Directions
Below are records. Find each line in them that holds the word "holding" and copy it.

*** Listed entries ***

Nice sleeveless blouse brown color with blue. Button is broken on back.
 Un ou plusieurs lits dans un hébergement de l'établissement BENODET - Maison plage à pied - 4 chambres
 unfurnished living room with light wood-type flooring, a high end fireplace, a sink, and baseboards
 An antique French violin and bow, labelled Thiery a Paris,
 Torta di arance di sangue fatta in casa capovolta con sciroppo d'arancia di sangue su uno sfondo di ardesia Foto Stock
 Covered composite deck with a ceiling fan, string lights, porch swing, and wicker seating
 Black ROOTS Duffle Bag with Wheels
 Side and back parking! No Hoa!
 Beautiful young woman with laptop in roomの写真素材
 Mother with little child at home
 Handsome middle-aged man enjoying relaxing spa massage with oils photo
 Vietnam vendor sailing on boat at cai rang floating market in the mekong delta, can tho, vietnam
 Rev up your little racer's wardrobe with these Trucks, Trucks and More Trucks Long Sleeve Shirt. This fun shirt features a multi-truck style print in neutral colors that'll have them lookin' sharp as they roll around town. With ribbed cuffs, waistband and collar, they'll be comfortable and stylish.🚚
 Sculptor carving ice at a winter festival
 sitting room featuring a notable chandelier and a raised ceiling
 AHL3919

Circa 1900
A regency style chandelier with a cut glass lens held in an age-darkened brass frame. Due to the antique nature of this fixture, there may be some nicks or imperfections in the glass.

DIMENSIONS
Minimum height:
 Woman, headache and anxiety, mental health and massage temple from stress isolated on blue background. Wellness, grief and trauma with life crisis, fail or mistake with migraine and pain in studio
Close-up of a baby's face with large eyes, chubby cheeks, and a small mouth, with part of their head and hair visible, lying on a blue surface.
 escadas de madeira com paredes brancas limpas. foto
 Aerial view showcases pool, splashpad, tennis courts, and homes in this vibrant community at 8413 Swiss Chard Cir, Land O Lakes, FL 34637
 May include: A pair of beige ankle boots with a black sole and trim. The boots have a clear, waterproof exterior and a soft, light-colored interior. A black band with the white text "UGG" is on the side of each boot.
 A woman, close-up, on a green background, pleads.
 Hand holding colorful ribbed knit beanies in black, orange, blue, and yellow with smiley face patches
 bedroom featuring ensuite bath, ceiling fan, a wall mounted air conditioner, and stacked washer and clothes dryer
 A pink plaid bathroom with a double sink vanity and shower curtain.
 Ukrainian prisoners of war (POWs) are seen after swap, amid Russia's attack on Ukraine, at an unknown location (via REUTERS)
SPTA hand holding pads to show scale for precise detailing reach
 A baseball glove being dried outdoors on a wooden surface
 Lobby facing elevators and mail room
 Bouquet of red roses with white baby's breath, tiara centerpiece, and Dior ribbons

*** End of Listed entries ***

Solution to this task
 Hand holding colorful ribbed knit beanies in black, orange, blue, and yellow with smiley face patches
SPTA hand holding pads to show scale for precise detailing reach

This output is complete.